Mi abuela y mi madre le chupan los ojos. Yo nunca lo hice. Comía el cuerpo del pescado, y dejaba de lado la cabeza. Mi abuela Aminta Abadía Bermúdez me insistió y mi madre Blanca Luz Arévalo Abadía, por igual. Eso en mi infancia.
He visto a algunas personas que se meten el pescado envuelto en una tortilla, comércelo de un bocado y sacar una a una las espinas, como un condenado gato. Mi cuñado Gregorio Utrilla es uno de ellos. La primera vez que lo vi hacerlo, era yo un adolescente. Fue en su rancho La Esperanza, entre Sabanilla y Moyos. Pescábamos con fisga en el río. Recuerdo que el macabil había que peinarle las espinas con el pie descalzo. Yo nunca pude comerlo. Tiene demasiadas espinas, y las tiene entreveradas. Pero el caldo es exquisito. Siempre me admiré de cómo mi cuñado Gregorio se metía los bocados como quien come un taco de cochinita pibil. Y extrae meticulosamente de su boca espina por espina con una habilidad que me dejaba y aún hoy, me deja pasmado.

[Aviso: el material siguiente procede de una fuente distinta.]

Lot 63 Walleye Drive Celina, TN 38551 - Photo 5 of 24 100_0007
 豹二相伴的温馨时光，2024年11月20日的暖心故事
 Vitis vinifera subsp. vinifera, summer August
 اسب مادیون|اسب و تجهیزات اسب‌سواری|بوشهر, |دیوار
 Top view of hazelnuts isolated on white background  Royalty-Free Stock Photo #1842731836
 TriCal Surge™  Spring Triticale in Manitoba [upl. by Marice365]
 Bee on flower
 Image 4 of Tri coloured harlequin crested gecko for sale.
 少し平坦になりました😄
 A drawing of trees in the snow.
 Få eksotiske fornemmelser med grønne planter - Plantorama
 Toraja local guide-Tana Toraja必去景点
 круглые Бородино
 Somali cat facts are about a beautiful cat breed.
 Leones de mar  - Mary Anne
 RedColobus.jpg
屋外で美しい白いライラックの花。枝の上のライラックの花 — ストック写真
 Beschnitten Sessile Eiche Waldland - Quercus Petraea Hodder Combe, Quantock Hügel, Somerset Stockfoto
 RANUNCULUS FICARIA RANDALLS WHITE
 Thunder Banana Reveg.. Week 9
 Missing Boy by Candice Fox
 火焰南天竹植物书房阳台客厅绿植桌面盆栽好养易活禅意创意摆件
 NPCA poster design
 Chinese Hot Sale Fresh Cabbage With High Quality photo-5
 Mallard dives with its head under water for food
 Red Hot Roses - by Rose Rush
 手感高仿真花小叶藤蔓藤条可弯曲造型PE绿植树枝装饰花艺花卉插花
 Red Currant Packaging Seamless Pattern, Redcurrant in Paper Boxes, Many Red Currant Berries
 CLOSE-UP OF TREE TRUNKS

Yo recuerdo que de niño, cuando se comía pescado en la casa, mi abuela siempre ponía un guineo al lado de nuestros platos. Era por si se nos atoraba una espina en la garganta. En teoría, el plátano envuelve a la espina y no hace estragos en el cuerpo. No sé que tan cierto sea eso, pero mi abuela lo hacía. Es posible que sea un hábito sefardí. Ella provenía de una familia judía conversa al catolicismo que inmigraron del Líbano, y luego arribaron a Guatemala cuando fueron expulsados de España.
Todos esos recuerdos se agolparon ayer y hoy en mi memoria al comerme la primer cabecita frita de un robalito. Me agradó tanto que me comí alrededor de seis robalitos, comenzando por las cabecitas, y hoy de nuevo acometí con ávidez esa experiencia, para mí novedosa.
En la isla de Boca del Cielo, comenzó la temporada de sambuco, también conocido como tararira, de la familia de los Erythrinidae (del griego «erythrinos»). Es una mala época para el estero. Los pescadores lo capturan por millares, le abren la panza, le extraen la hueva y los tiran al agua.
La temporada apenas comienza, pero llegan a flotar por miles los sambucos muertos. Apestan el estero. Aún no sucede, pero año tras año es lo mismo. Hace algún tiempo me tomé la molestia de investigar sobre una fábrica para producir harina de pescado con esas toneladas de sambuco que cada año desdeñan. No es una inversión tan cuantiosa, pero hice números y es insostenible. Tendría que ser una inversión institucional. La harina de pescado puede usarse en alimento de pollos o de cerdos, pero se necesitan patios de asolear (como los que se utilizan para secar el café), y el olor insoportable. Terminé por desechar la brillante idea. Pero es viable para quienes tiene un rancho y crían cerdos o pollos. No es mi caso.